> [Problem requirements]: Take the entries below and print, exactly, the stretch from the line containing "Coffee icons. Beans, hot" through the line containing "Plantenstandaard voor buiten, metaal, ijzer, 4-laags", both included.

> [Record excerpts]:
□ □ □
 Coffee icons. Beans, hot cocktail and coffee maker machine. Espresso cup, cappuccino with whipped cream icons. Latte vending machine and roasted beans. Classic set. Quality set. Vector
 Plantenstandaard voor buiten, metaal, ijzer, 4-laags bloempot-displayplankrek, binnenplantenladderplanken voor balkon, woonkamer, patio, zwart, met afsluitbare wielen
□ □ □
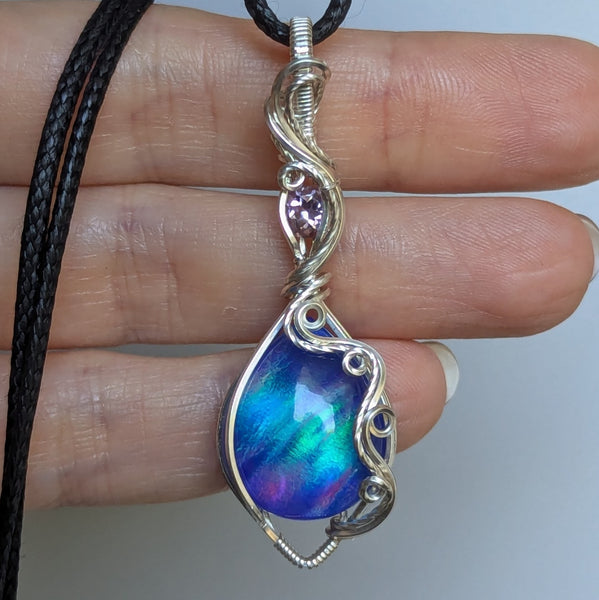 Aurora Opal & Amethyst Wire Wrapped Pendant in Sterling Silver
□ □ □
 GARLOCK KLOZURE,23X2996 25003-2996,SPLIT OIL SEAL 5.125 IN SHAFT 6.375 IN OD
□ □ □
> [Exercise solution]:
 Coffee icons. Beans, hot cocktail and coffee maker machine. Espresso cup, cappuccino with whipped cream icons. Latte vending machine and roasted beans. Classic set. Quality set. Vector
 Plantenstandaard voor buiten, metaal, ijzer, 4-laags bloempot-displayplankrek, binnenplantenladderplanken voor balkon, woonkamer, patio, zwart, met afsluitbare wielen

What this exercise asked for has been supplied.